By Vasyl Soloshchuk, CEO and Co-Owner at INSART

Matt Wolniewicz

President at Fi360

Since his youth, Matt has always been in investing. When he was in college, he worked on the floor of the Board of Trade, headquartered in Chicago, as a runner, taking orders and picks in the futures markets, which he feels was a pretty neat way to get started in the financial services space. He then spent a long time at Morningstar, an iconic Chicago company. Later he took an offer from Fi360. In 2017, Fi360 made it onto the Investment Analytics Tools list compiled by T3, industry’s most reputable source for market insights.

Thoughts on major trends

Matt highlights the following trends:

  • On the industry level, the assets overall that are invested continue to rise. But at the same time, the absolute number of firms and advisors is actually shrinking. When you look at the impact of regulation and the cost of doing business, we are seeing fewer firms and advisors, but a larger pile of assets that are available for advisors to help investors with.

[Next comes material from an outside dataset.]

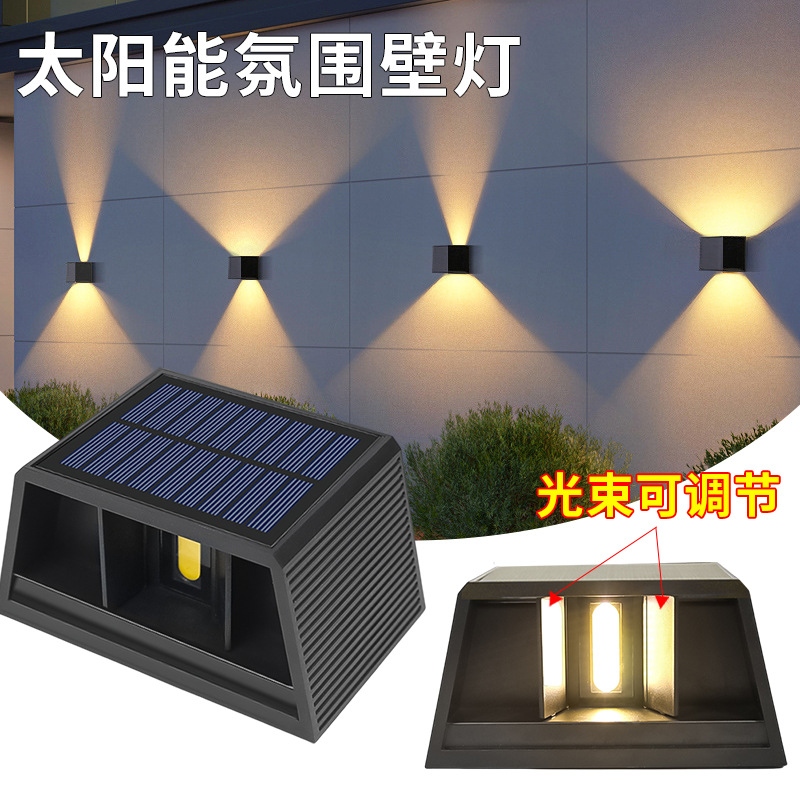 Cross-border new outdoor wall lamp courtyard landscape decorative atmosphere light lamp garden fence waterproof solar wall washer light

On a side note, another interesting thing is that broker dealers and advisors have never been under more scrutiny. With the Department of Labor introducing the Fiduciary Rule and redefining retirement, not only is there the traditional 401(k) or defined contribution (DC) plan, but also individual investors that are rolling money out of those plans into IRAs. That means that there is high legal and regulatory pressure in the space.

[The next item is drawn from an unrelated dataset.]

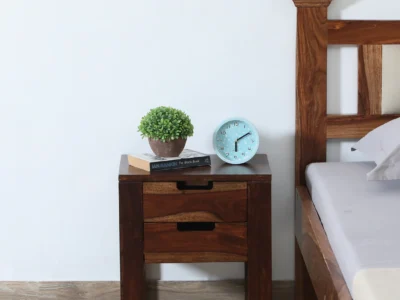 "Elysian Sheesham Wood Bedside Table with Drawers by Sarve Furniture - Solid Wood Nightstand with Storage for Bedroom"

  • The second trend is growth, not only in the amount of absolute assets, but also the demographics. Certainly in the United States you’ve got an aging population combined with DB (defined benefit) plans becoming rarer. More of the burden is put on individuals to make sure that they can retire in the way that they want. This puts more pressure on the individual and they have more assets at their disposal.

Back in the day, when there were only DB plans, the companies were in charge of investing. Today, even in the 401(k) space, the participant has choices to make. The growth in terms of the number of investors who are responsible for their own outcomes and the amount of money in question is significant.

  • Third, a macro trend is the emerging importance of the advisor. There’s never been more need to provide guidance to the end investor than there is today. Not only do people have responsibility for taking control of their retirement savings, but we have more and more of a mobile workforce, meaning that people don’t work for one company for their entire life.

As people move, they end up with smaller amounts in their 401(k) plans that they need to do something with. At the end of the day, one of the key determinants of how successful people are in attaining the outcome they want is working with a professional advisor, whether that’s a person or more of a robo-advisor.

  • The fourth trend again goes back to the fact that individuals are responsible for their own outcome; there’s definitely a greater degree of specialization within the advisor and asset-management space. Advisors have the ability to relate to customers and to add value in either a financial planning way, an investment selection way or an overall portfolio way. Thus, advisors are being asked to do more holistic planning than just selling products out to clients.
“Advisors, in order to be successful, have to be able to stand out and clearly articulate their value proposition when it comes to attracting high net worth investors.”

Industry shift

Think of the mobile workforce, those who are not completely committed, like they used to be, to employers for long periods of time. As they leave those firms, they’re in essence taking with them smaller amounts of retirement savings from several different employers.

They have two choices: a human advisor or a robo-advisor. The challenge or the opportunity is in figuring out how these best complement each other, because the challenges in life for somebody who’s 22, who has just graduated from college and doesn’t have any investable assets and most likely a lot of student debt, are a lot different compared to for somebody who’s in their 60s and thinking about retirement very close in time.

“[For older people,] trying to figure out how they’re going to not outlive their money is a much different situation than somebody with no or low assets but a lot of potential to earn money.”

The challenge in the industry is figuring out, first, for that person right out of school how he or she can be better served by a robo-advisor over a longer term. That person doesn’t have a lot of assets, so a human advisor is not that interested in working with them at that time. However, the advisor should be able to use technology to attract that individual to their firm. As that person grows and as life happens to them, they have children or get married, or buy a house or begin accumulating some wealth, the advisor can help them build a comprehensive financial plan.

Furthermore, the impact of technology is huge. For example, millennials don’t want to make phone calls, but they would rather do everything through their phone.

“At some point there has to be some convergence and really a place for human advisors and digital advisors.”

Benefits of big data analytics and artificial intelligence (AI)

If we went back three years, when the robo space was really exploding, there were probably between 40 and 60 different robo-platforms. Fast-forward to today, and there’s a couple of big firms that have been successful in going to investors but remaining private (e.g., Wealthfront and maybe Betterment). But there are other robos as well, or firms like Vanguard and Schwab that have launched their own robos.